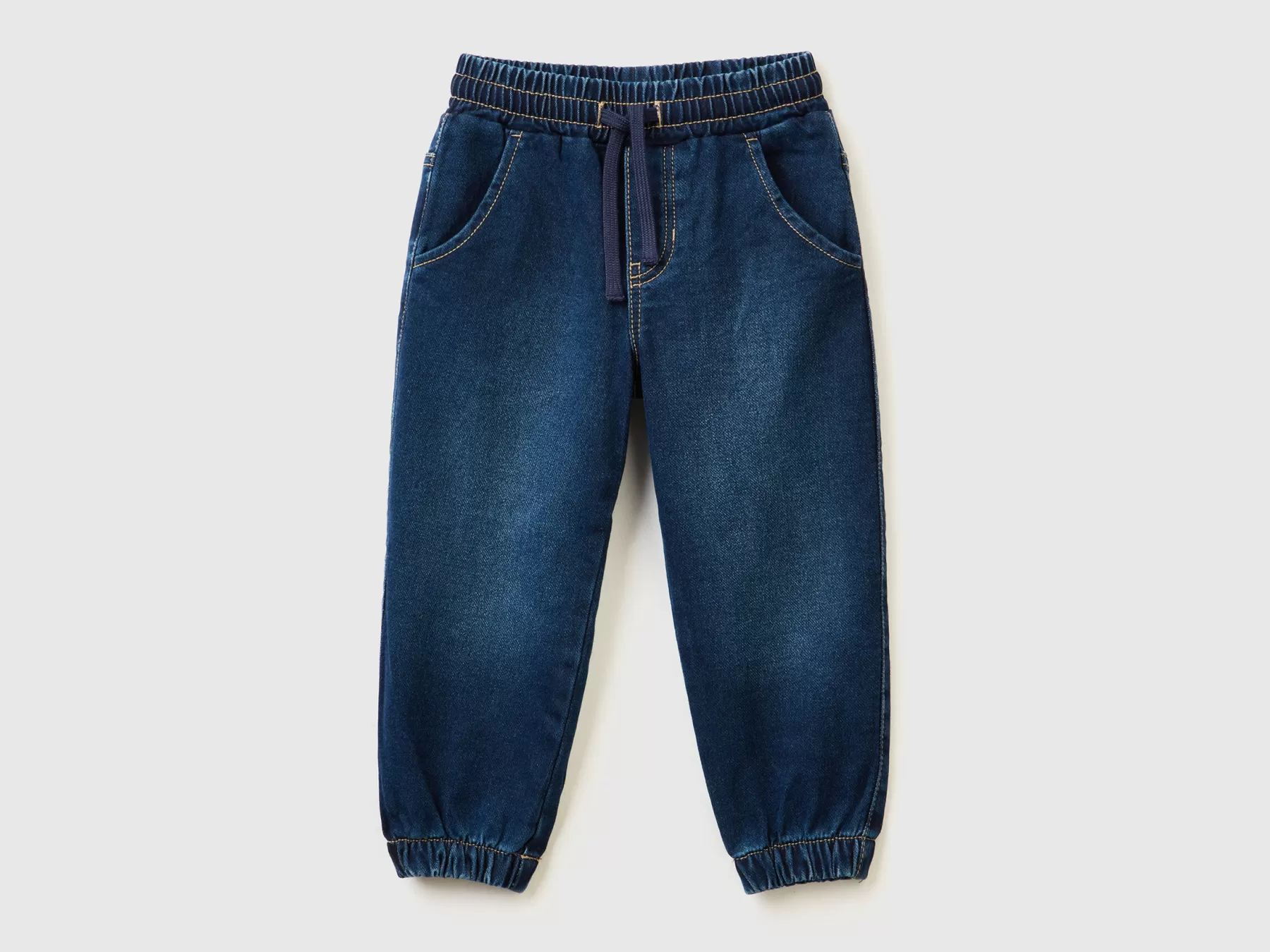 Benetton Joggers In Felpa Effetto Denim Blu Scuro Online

--

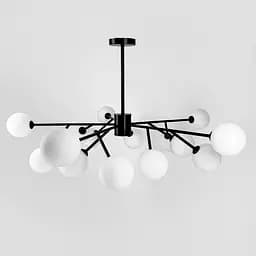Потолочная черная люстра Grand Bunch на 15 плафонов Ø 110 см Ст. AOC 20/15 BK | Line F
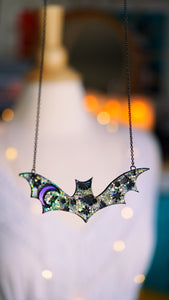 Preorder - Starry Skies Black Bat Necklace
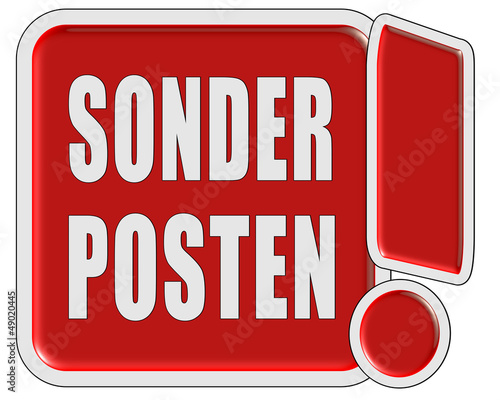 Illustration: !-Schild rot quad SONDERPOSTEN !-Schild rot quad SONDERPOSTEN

■ What you will do
Transcribe, word for word, the stretch of lines in the data above from the one with "Потолочная черная люстра" through the one with "Illustration: !-Schild rot"; omit all pictures.

■ Response to the task
Потолочная черная люстра Grand Bunch на 15 плафонов Ø 110 см Ст. AOC 20/15 BK | Line F
 Preorder - Starry Skies Black Bat Necklace
 Illustration: !-Schild rot quad SONDERPOSTEN !-Schild rot quad SONDERPOSTEN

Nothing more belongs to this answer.